# Problem
An unaltered copy of every line below is the expected output.

# Recorded data
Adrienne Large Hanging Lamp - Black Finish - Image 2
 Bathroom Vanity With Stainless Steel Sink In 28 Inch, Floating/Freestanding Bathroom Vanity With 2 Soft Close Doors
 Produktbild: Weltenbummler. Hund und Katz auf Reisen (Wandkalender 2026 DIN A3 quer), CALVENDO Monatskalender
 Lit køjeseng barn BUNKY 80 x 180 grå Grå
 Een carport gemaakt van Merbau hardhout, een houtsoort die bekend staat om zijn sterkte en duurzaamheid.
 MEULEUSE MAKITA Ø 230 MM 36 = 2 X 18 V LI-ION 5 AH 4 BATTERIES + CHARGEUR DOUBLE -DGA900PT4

# The completed task
Adrienne Large Hanging Lamp - Black Finish - Image 2
 Bathroom Vanity With Stainless Steel Sink In 28 Inch, Floating/Freestanding Bathroom Vanity With 2 Soft Close Doors
 Produktbild: Weltenbummler. Hund und Katz auf Reisen (Wandkalender 2026 DIN A3 quer), CALVENDO Monatskalender
 Lit køjeseng barn BUNKY 80 x 180 grå Grå
 Een carport gemaakt van Merbau hardhout, een houtsoort die bekend staat om zijn sterkte en duurzaamheid.
 MEULEUSE MAKITA Ø 230 MM 36 = 2 X 18 V LI-ION 5 AH 4 BATTERIES + CHARGEUR DOUBLE -DGA900PT4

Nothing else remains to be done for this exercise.